At the same time, however, the Rule of Law should not be sold short. At a minimum, it requires courts to read legislation ― even emergency legislation ― carefully, and not to find in it powers beyond those actually given by legislatures. But, more than that, the principle of legality suggests that when a legislature wants to interfere with the ideal of the Rule of Law, it must at least understand what it is doing and even, perhaps, be prepared to pay the political price for it.

Author: Leonid Sirota

Law nerd. I teach public law at the University of Reading, in the United Kingdom. I studied law at McGill, clerked at the Federal Court of Canada, and did graduate work at the NYU School of Law. I then taught in New Zealand before taking up my current position at Reading.

One thought on “Inter vira enim loquuntur leges”
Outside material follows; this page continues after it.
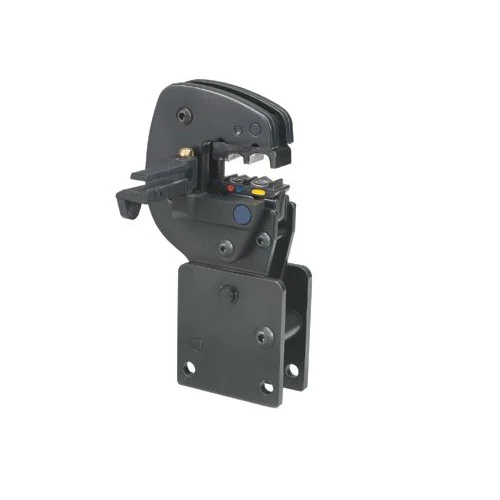22-10 AWG BlackFin Crimping Head CT-2525CH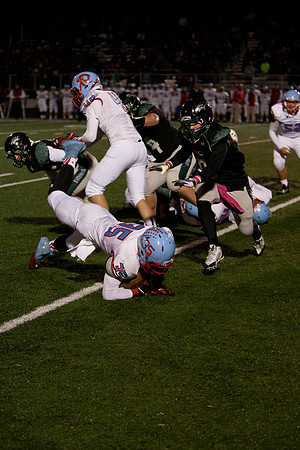 20131018_Hosting_Ralston_188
  1. In Evans v A.G., [2015] UKSC 21 at para. 52, drawing on the rule of law, a plurality stated that

    “subject to being overruled by a higher court or (given Parliamentary supremacy) a statute, it is a basic principle that a decision of a court is binding as between the parties, and cannot be ignored or set aside by anyone, including (indeed it may fairly be said, least of all) the executive.”

    The executive was armed with delegated power in that case, and I think considerably more explicit power than is the case under the Quebec statute.

    It would be unfortunate to think that the rule of law and the separation of powers don’t provide at least as much protection in Canada as in the U.K.